I thought you did macrobenchmark with "perf stat -r", then it shows variance.

> > First number printing improvement patch was measuring ~30% speedups:
> > commit 4277eedd7908a0ca8b66fad46ee76b0ad96e6ef2
> > vsprintf.c: optimizing, part 2: base 10 conversion speedup, v2
> >
> > Now it is 1%.
> 
> That's comparing apples and oranges.
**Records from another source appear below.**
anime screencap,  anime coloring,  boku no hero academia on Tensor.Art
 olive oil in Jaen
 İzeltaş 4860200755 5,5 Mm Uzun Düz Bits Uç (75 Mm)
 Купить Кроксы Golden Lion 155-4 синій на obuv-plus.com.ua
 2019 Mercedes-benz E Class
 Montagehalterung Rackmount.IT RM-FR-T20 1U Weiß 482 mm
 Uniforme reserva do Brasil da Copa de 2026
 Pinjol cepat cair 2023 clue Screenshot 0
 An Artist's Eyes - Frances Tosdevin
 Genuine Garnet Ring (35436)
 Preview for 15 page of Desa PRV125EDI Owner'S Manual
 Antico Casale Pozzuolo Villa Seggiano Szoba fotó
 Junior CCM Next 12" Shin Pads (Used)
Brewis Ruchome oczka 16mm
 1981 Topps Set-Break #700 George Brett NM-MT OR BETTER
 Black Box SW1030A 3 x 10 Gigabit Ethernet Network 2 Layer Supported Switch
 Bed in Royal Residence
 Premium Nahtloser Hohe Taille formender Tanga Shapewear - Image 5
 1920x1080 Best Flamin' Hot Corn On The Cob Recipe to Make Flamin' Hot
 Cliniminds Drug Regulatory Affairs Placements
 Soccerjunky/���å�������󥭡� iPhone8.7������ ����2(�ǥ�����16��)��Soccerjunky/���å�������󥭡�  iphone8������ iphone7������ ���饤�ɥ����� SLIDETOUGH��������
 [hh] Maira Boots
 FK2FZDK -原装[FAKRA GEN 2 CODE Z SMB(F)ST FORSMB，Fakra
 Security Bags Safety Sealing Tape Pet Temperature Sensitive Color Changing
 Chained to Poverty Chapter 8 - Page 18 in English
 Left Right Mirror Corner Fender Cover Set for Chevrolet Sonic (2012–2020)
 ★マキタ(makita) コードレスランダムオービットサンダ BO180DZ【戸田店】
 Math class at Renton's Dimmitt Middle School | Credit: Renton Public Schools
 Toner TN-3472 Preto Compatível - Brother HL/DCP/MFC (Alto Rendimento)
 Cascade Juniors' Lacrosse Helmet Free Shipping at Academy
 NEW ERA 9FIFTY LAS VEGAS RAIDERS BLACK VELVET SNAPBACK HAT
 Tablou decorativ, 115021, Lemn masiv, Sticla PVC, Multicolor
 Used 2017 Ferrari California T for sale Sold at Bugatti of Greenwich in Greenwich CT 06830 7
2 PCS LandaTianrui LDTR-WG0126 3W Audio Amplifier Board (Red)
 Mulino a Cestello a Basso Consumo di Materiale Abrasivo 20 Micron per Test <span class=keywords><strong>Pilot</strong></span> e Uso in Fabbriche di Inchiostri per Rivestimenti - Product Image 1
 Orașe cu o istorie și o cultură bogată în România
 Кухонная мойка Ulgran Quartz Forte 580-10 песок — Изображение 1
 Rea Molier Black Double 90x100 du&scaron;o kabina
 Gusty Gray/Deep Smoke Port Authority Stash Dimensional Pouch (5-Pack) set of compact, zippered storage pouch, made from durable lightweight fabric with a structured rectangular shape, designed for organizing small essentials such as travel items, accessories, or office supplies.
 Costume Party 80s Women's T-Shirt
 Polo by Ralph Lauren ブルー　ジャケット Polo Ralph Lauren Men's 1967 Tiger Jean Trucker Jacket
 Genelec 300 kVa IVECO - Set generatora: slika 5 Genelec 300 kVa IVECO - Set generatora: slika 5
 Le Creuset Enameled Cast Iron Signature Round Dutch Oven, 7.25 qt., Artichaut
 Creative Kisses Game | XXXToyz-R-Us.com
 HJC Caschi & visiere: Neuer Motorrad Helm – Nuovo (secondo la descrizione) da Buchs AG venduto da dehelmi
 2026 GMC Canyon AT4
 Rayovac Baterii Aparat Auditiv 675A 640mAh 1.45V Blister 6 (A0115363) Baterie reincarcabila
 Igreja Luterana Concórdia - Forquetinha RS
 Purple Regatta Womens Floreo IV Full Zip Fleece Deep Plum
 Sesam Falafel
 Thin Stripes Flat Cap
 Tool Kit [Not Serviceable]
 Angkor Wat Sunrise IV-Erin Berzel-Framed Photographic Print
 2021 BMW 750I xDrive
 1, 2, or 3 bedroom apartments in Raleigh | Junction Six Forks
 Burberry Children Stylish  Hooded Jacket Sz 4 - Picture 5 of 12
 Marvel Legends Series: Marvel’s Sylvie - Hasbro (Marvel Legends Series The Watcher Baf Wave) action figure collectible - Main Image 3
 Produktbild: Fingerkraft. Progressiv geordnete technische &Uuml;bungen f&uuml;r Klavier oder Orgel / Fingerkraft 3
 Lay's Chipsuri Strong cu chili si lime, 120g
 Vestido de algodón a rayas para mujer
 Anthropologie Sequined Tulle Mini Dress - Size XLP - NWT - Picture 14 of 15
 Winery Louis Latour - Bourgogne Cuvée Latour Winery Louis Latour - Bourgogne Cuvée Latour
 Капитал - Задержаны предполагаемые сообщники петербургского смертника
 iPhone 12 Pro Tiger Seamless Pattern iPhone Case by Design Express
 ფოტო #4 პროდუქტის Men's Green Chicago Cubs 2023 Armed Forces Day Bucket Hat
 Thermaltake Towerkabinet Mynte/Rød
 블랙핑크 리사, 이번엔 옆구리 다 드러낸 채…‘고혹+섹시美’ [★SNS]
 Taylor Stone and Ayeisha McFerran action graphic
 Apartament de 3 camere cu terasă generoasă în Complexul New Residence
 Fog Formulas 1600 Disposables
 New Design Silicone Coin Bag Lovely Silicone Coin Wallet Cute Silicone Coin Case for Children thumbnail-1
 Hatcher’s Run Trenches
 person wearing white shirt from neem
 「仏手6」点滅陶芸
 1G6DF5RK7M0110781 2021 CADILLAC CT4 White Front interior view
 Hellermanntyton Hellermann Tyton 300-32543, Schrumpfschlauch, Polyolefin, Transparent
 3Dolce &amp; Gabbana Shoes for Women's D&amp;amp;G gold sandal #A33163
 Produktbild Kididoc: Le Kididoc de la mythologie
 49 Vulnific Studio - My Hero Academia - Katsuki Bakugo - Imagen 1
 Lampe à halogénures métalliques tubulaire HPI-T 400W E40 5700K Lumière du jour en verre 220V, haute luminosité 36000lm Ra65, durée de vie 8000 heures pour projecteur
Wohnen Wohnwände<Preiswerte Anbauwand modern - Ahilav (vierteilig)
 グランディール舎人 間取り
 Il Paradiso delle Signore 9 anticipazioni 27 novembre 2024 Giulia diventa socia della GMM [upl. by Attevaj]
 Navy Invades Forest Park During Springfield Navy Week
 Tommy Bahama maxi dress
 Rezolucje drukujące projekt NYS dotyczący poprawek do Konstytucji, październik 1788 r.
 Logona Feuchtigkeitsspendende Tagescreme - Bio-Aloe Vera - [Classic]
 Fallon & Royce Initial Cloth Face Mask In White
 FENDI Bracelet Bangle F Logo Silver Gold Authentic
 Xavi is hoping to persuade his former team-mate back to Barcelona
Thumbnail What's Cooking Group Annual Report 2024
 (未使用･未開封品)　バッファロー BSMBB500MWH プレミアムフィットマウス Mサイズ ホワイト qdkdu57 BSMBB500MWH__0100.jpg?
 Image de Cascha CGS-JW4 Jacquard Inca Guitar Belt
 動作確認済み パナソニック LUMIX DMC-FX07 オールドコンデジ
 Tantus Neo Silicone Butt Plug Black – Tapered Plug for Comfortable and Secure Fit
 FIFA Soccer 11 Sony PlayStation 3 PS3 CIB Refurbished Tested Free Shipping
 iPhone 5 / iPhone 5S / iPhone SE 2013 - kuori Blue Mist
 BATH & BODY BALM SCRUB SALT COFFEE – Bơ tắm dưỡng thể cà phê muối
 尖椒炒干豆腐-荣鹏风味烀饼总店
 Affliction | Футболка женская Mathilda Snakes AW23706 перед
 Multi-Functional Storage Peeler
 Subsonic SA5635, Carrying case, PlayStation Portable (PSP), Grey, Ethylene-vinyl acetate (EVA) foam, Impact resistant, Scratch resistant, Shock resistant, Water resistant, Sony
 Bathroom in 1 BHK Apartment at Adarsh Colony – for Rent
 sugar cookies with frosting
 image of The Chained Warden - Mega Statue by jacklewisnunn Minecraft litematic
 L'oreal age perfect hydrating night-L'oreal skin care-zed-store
The ~30% were obtained from a top
> which was modified to do nothing but read /proc/pid/stat, the 1% is out
> of all the cycles top actually spends.

> > I think any further improvements to number printing code should be rejected
> > on philosophical grounds:
> 
> Hm, "perfect is the enemy of good" and all that.
> 
> > Kernel should ship numbers to ps(1) and top(1) in BINARY,
> > so it would take exactly 1 MOV instruction which takes exactly 1 cycle
> > to execute.
> > Currently it is 1) kernel converts binary to text, 2) usespace
> > converts text to binary,
> > 3) userspace converts binary to text and shows the user. 4) people optimizing #1
> 
> I agree this is somewhat silly, but that's what we have, and it is
> unlikely to change anytime soon. Adding a parallel binary interface
> would be a maintenance nightmare.

Hm, such interface already exists, it's called CONFIG_TASKSTATS.
procps and top of course don't use it.

	Alexey